Thundercat’s music is beautifully idiosyncratic. It’s forward-thinking jazz fusion à la Jaco Pastorius fused with strains of P-Funk, R&B, L.A.-bred electronic music, and rock. He alternates between playing bass lines at seemingly impossible speeds and thumping, relaxed notes. Lyrically, the shifts are equally unpredictable. Whimsy and comedy are always tempered by sincerity and vulnerability.
His fourth album, It Is What It Is, is looser than those that preceded it, favoring improvisation and raw emotion. These are diary entries and confessional texts delivered from a spacecraft speeding through the cosmos until it stalls, drifts, and starts again. The search for connection—platonic and romantic—is one of the dominant themes of Thundercat’s catalog, but it’s the central theme of It Is What It Is. After losing a dear friend—the late Mac Miller, whom he laments on “Fair Chance”—and weathering the tempests of a breakup, his search for intimacy makes sense.

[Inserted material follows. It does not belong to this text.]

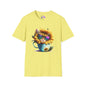 Cool Sunflower Kitten 1 Adult T-shirt
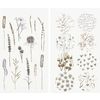 Washi stickers "In the Meadow" Black/Gold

You can hear the different iterations of that quest, and the eccentric extremes of his music by examining “I Love Louis Cole” and lead single “Dragonball Durag.” The former is jazz-funk fusion played with the driving speed of anime intros, backed by percussion that verges on punk. It’s a paean to partying with Cole, an alcohol-fueled bromance set in a galaxy where Goku and Pikachu coexist. At the end, Thundercat blacks out, going full Super Saiyan on a blistering solo. “Dragonball Durag,” on the other hand, is funky and slow R&B. Part absurdist come-on and partly a plea for stylistic approbation and companionship, it’s funny and touching as only Thundercat can be.